Roman architecture, as well as classical architecture in the Eastern Mediterranean, survived into the Early Middle Ages. There is archaeological evidence for the survival of a number of Roman towns and villas across Europe, including Britain. With a lack of skilled masons, these often fell into disrepair and were in later ages replaced with wooden huts. The architecture of the peasantry and lower classes is marked by low-slung huts known as grubenhaus surrounding central halls such as Meduseld in Beowulf.
In the later Middle Ages, architecture began to develop further with larger and stronger buildings. These buildings were created to match their functions. This saw the creation of pottery complexes, mills, smithies and multi-sectioned long houses.
Castles slowly replaced forts across Europe. Archaeology demonstrates that in the Early Middle Ages, also called the Dark Ages in Britain, hill forts were resettled. Various kings such as Alfred the Great built a series of wooden fortifications known as burghs, as found in places such as Banbury and Edinburgh. The stone castles that now dot the countryside were not built until the 11th century, mostly by Norman lords.
In France, meanwhile, powerful landowners began building large fortifications that became castles. These were built for a number of reasons. Firstly, the castle showed power and also a demonstration of wealth. It also acted as a military installation that gave a certain amount of protection to the lord against the King of France. Furthermore, as with Roman city walls, the castle could act as a trade barrier because by limiting access to the city, traders would have to pass through a tariff zone.
Religious medieval architecture was at first built upon the architecture of the Roman Empire. This was in part based on the layouts of Roman temples; the layout of one, for example, can be found at Caerwent in Wales. Early churches were urban-based and were either converted basilicas, hence the name, or built on the sites of ancient temples. Societies such as those in Anglo-Saxon England built wooden churches, a trend that continues in Scandinavia, while richer and more advanced kingdoms such as France and the Holy Roman Empire developed stone churches that were rarely seen until the Norman invasion of England in 1066.
As well as the development of churches across Europe, the Middle Ages saw a wide variety of monastic buildings. Many began as humble buildings in the countryside, but became wealthy later on through donations in wills. The monasteries were ever-developing complexes often larger than the great manor houses of the rich. They were usually built in stone and showed the grand possibilities of architecture. Perhaps one of the most striking examples is Mont Saint Michel in Normandy.

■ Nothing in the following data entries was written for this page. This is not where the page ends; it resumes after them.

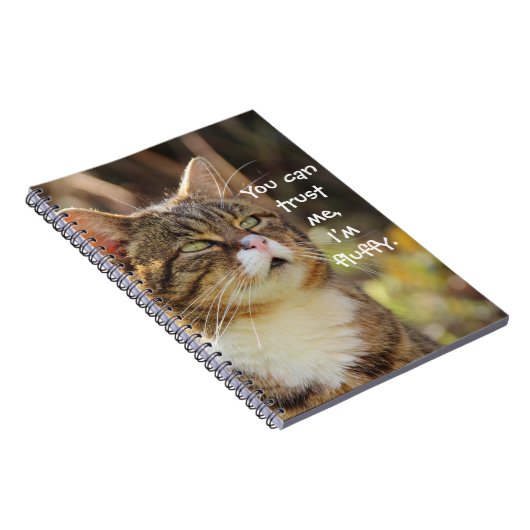 Funny Cat Caption Vertrouw me dat ik fluffy ben Notitieboek (Rechterzijde)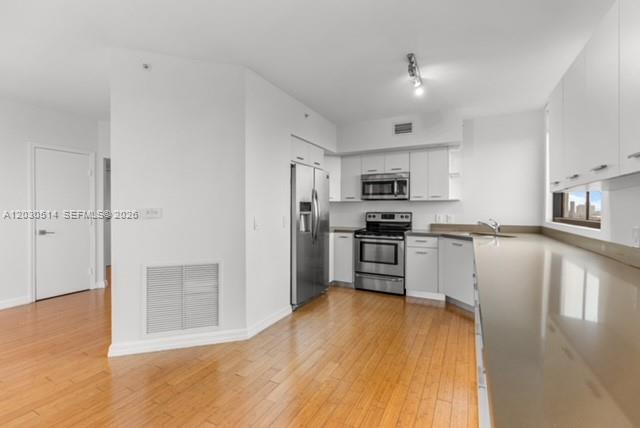 1330 West Ave 2207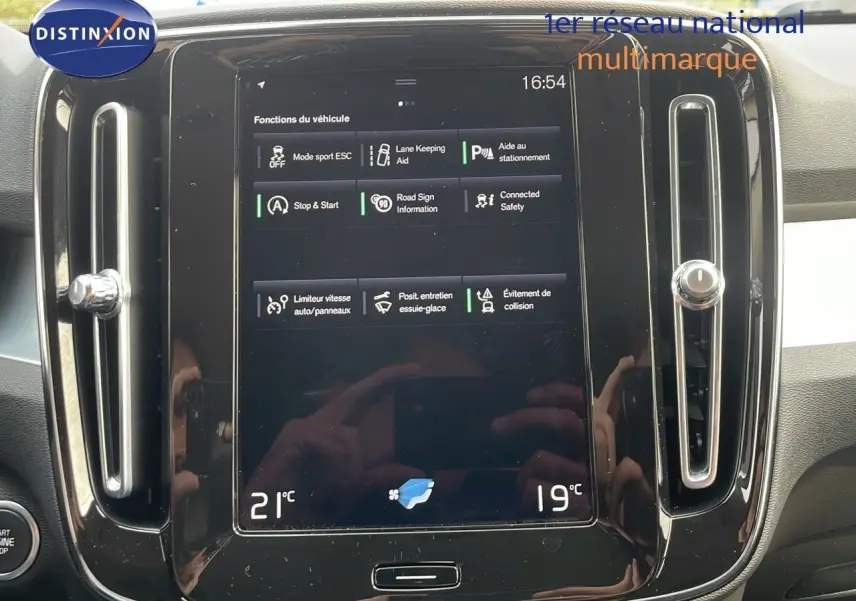 Écran tactile central du tableau de bord du Volvo XC40 noir Onyx Metal, affichant les fonctions d’aide à la conduite.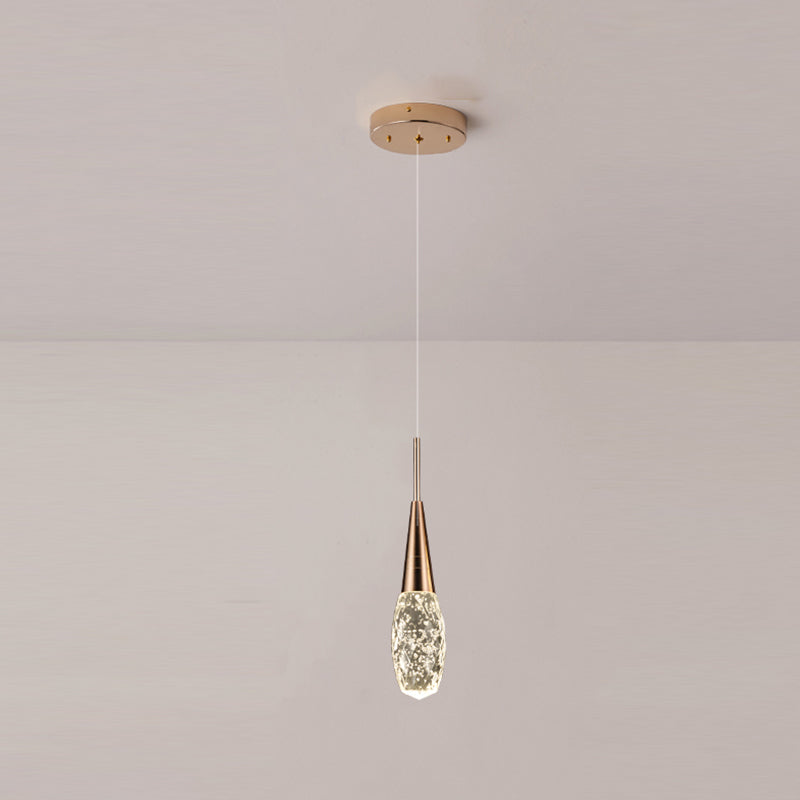 Lumières suspendues de ménage minimaliste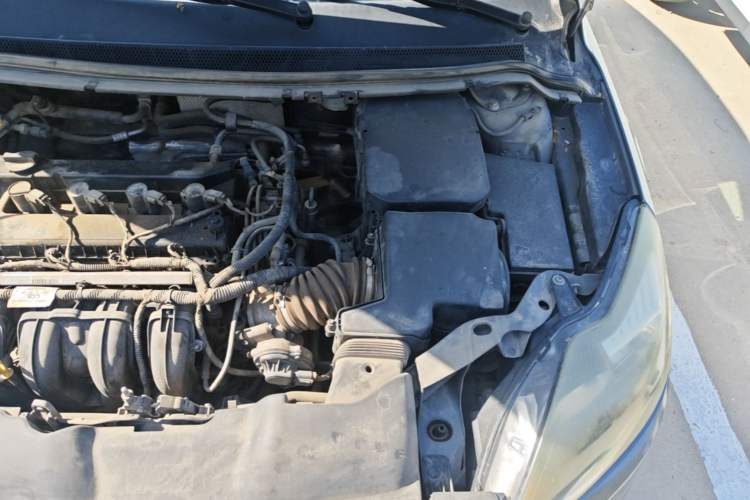 Used Ford Focus 2013 Hatchback Classic 1.8L Automatic Base Model Engine Bay Left
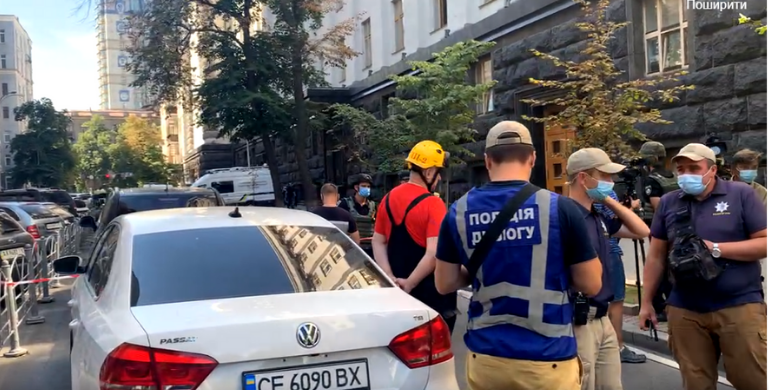 У Києві чоловік зайшов з гранатою в Кабмін і погрожує підірвати будівлю (ПРЯМИЙ ЕФІР)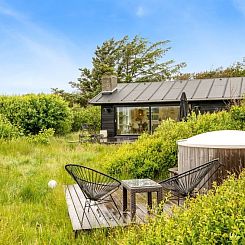 Vakantiehuis "Mintha" - 400m from the sea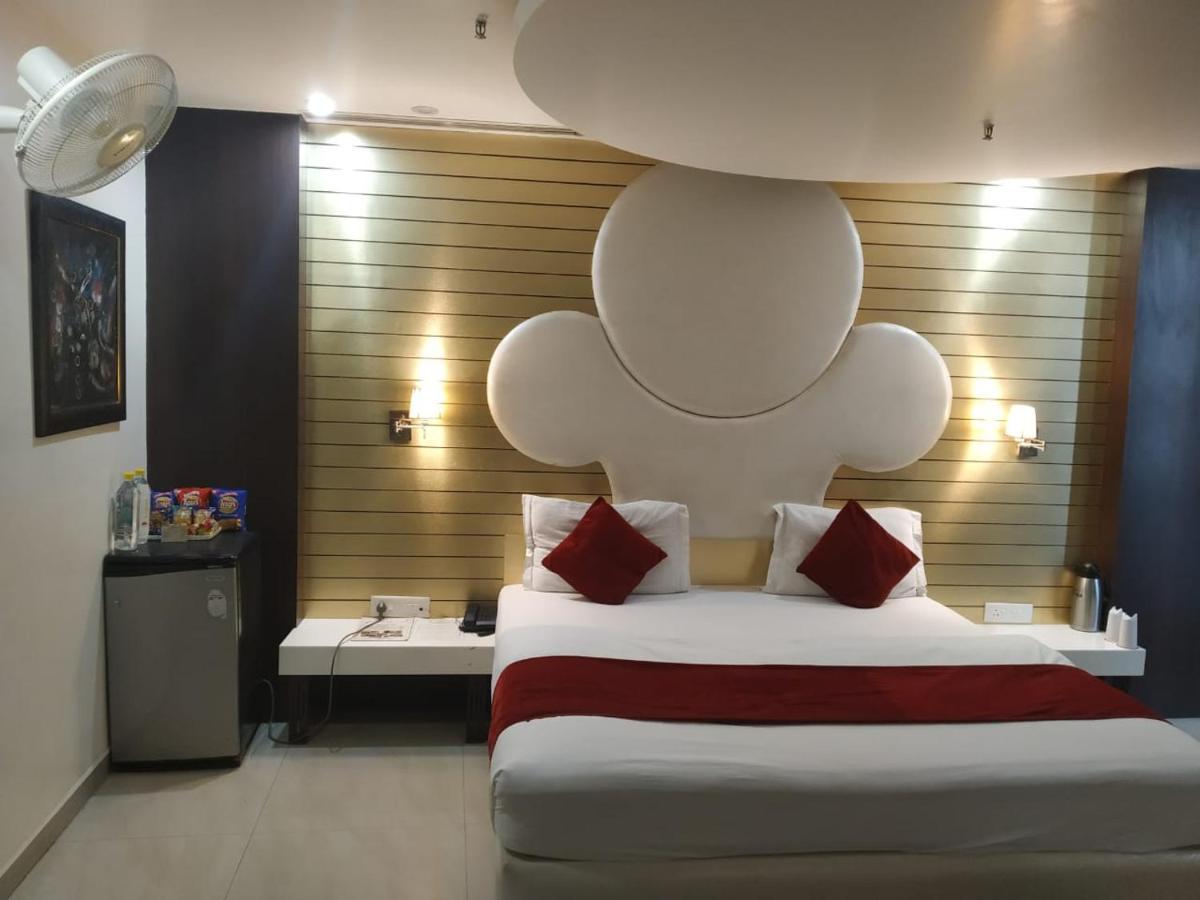 Hotel D'Grand Bareilly Esterno foto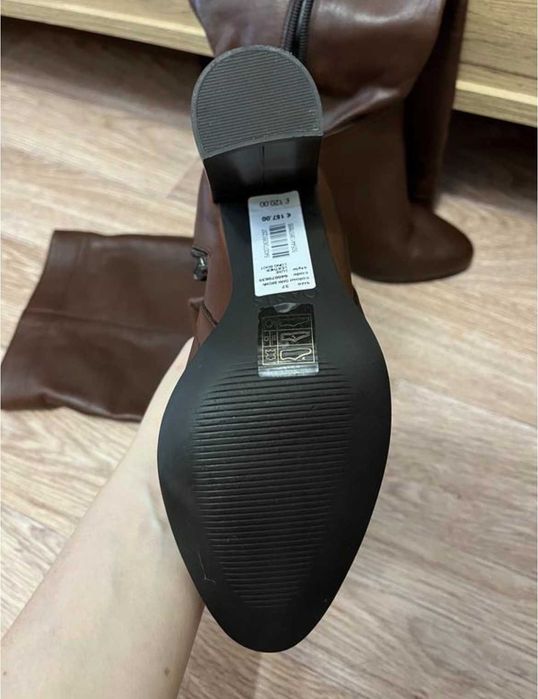 Високі чоботи з якісної натуральної шкіри від Oasis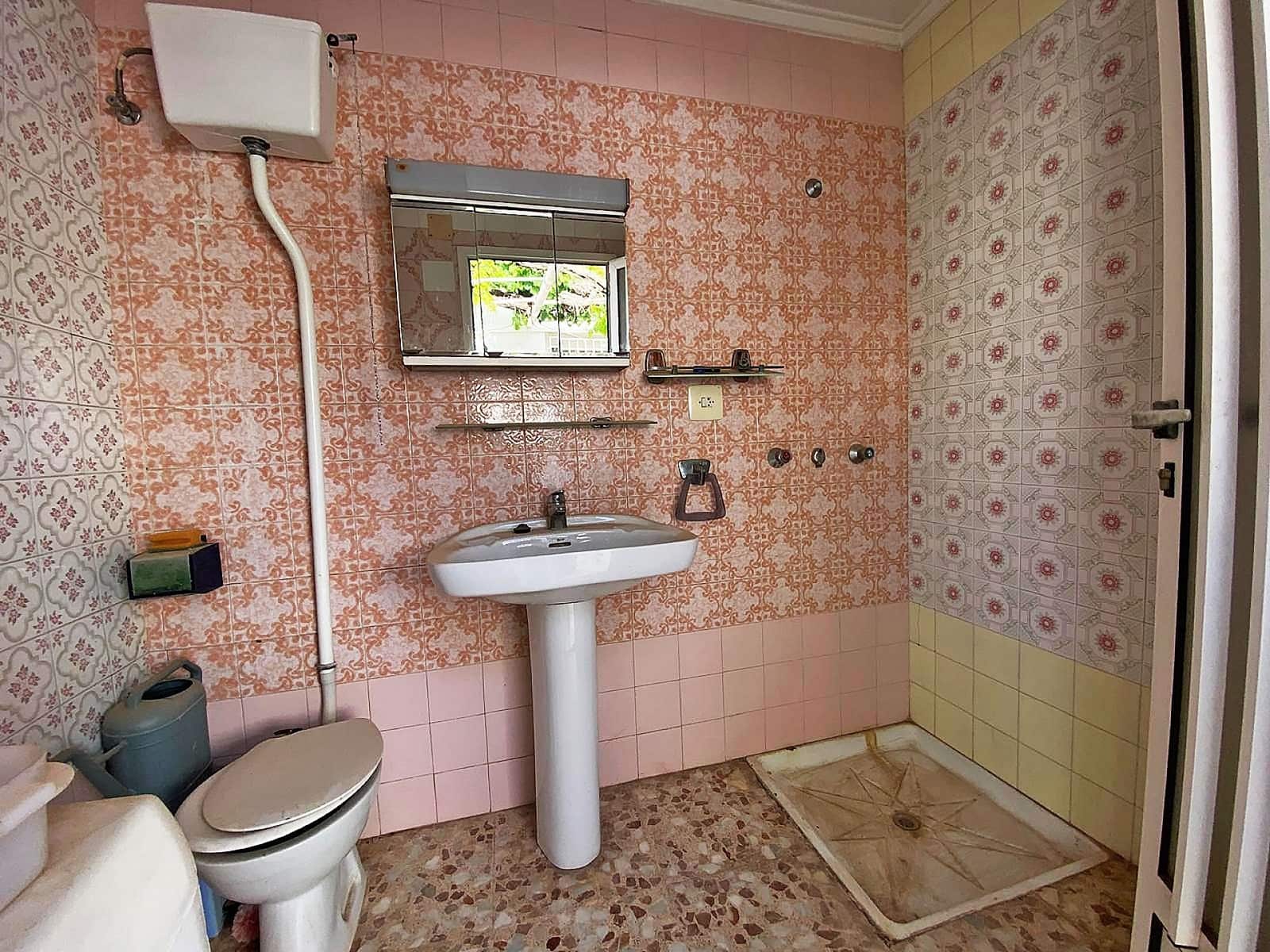 3 bedroom Townhouse for sale in Pinoso - € 149,500 (Ref: 9398063)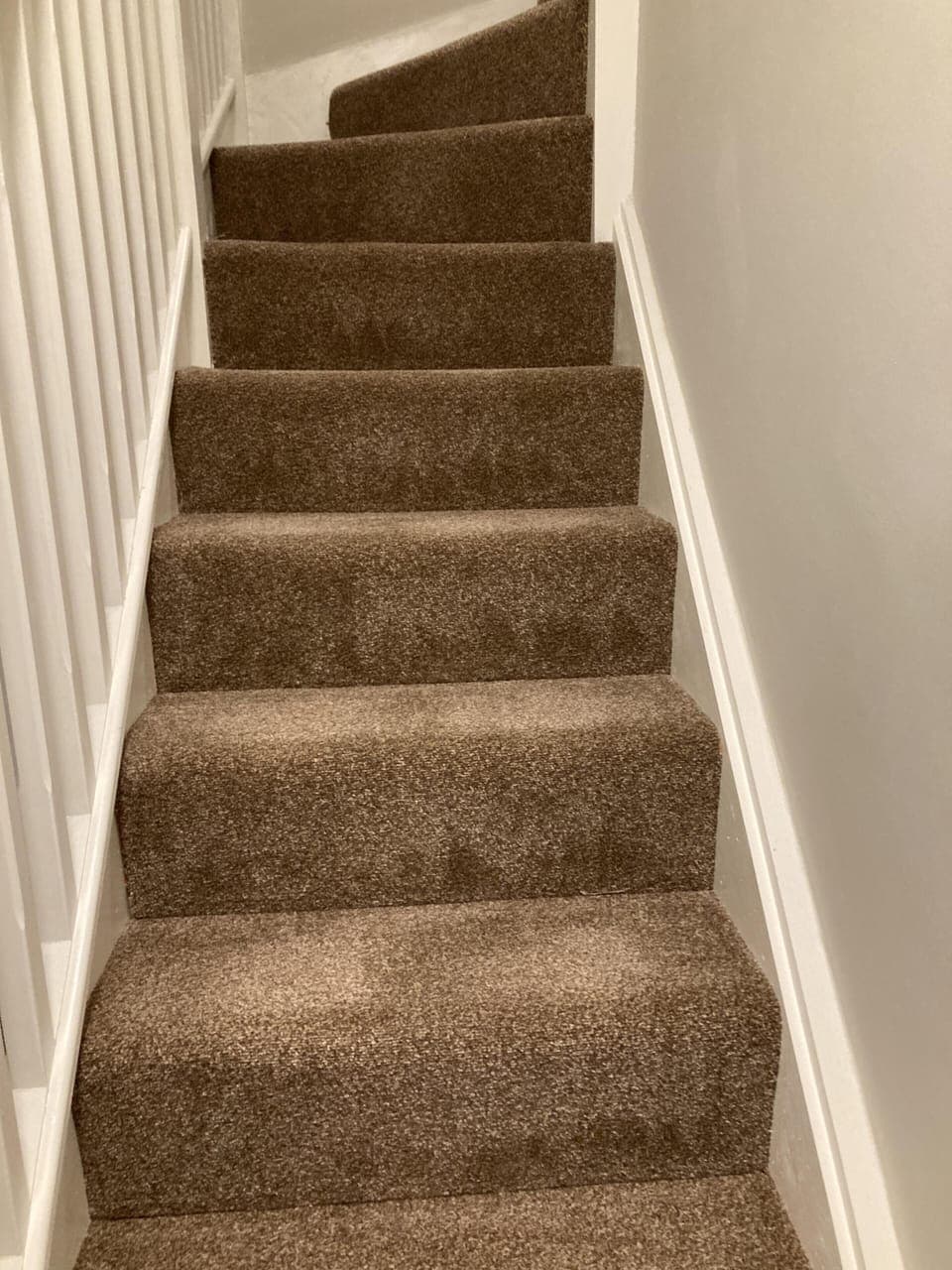 Pinewood 4 stairs to twin room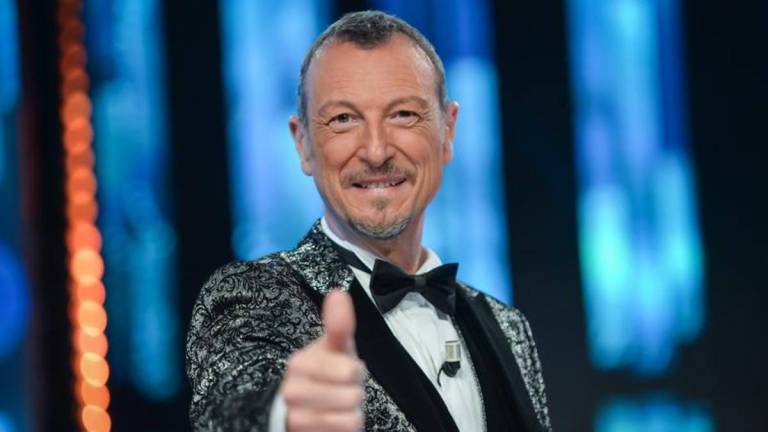 Festival di Sanremo, le scelte degli scommettitori: in vetta Elisa, Mahmood e Blanco Festival di Sanremo, le scelte degli scommettitori: in vetta Elisa, Mahmood e Blanco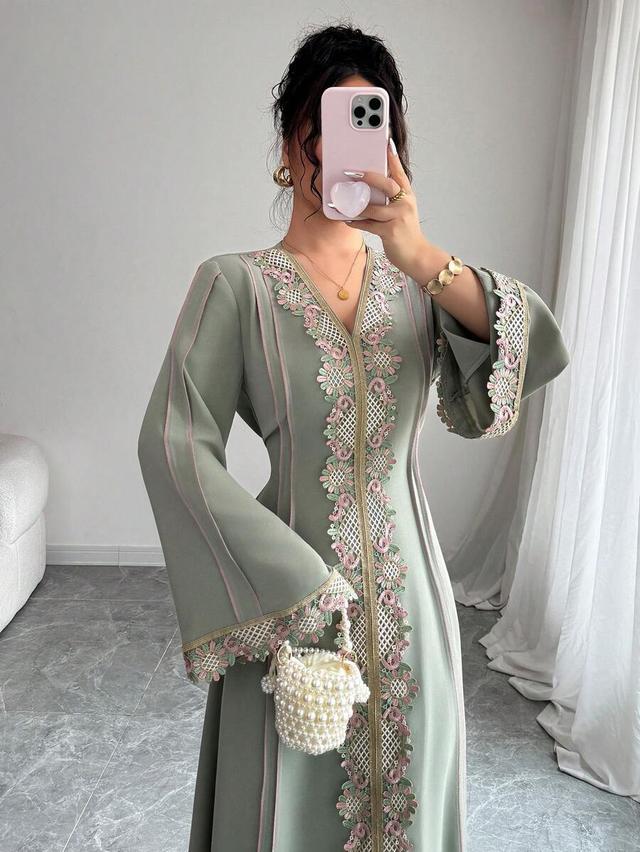 sage green v-neck long sleeve embroidered abaya robe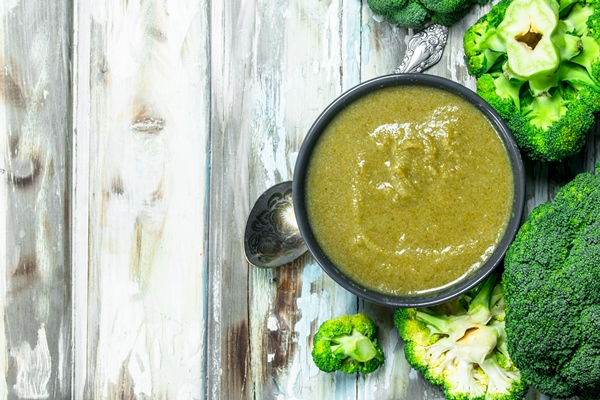 mashed ripe broccoli bowl - Быстрый суп-пюре из брокколи с оливковым маслом и молотым чёрным перцем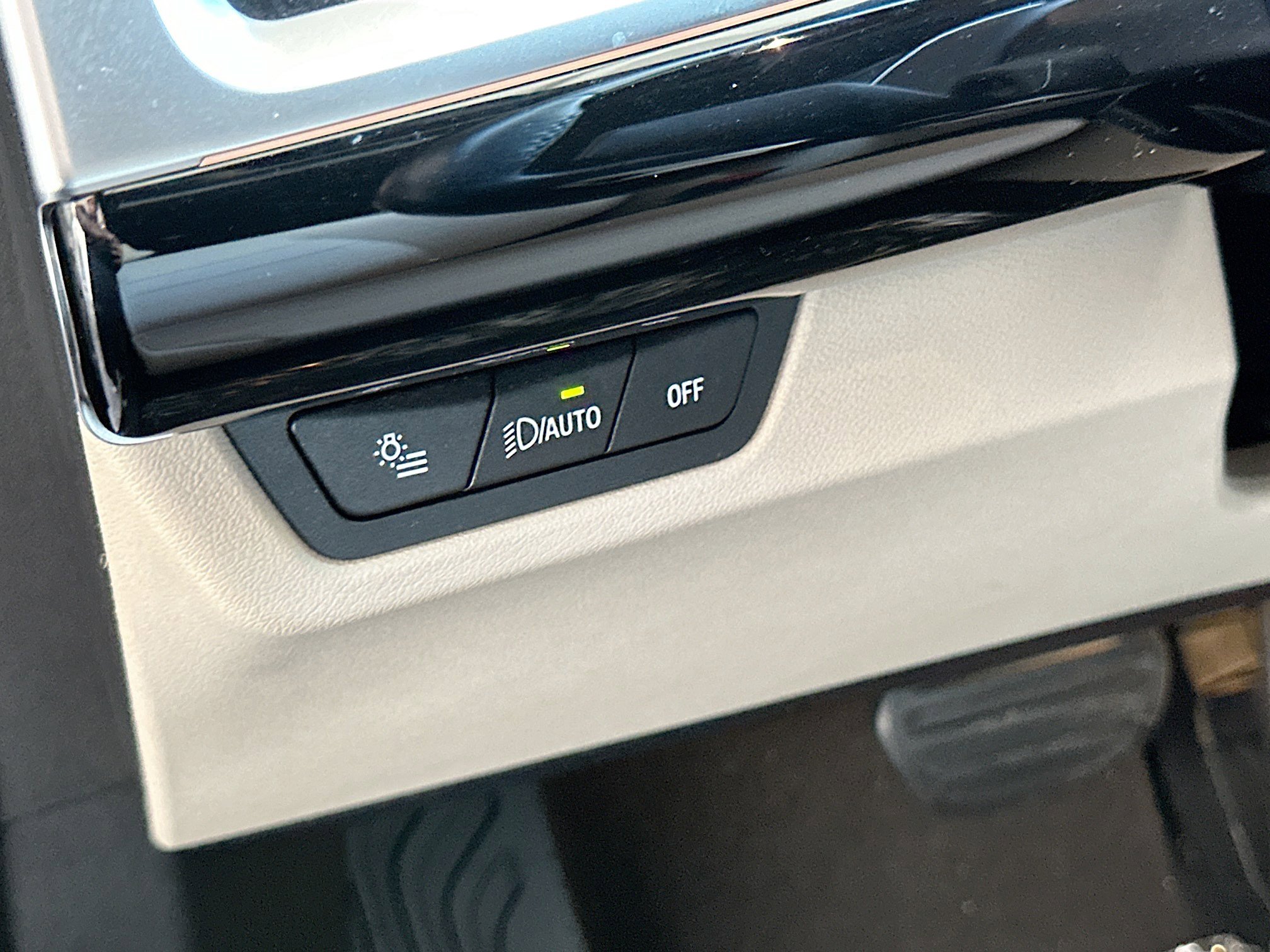 Certified 2023 BMW X1 xDrive28i AWD/4WD image 10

Early periods saw the dominance of Pre-Romanesque and Romanesque styles in medieval architecture, while the 12th century and onward saw the growth of Gothic architecture. There were also regional variations including the architecture of the Norse in Scandinavia and of the Kievan Rus in Eastern Europe. Eastern European architecture was also heavily influenced by the Byzantine Empire based around Greece and Constantinople.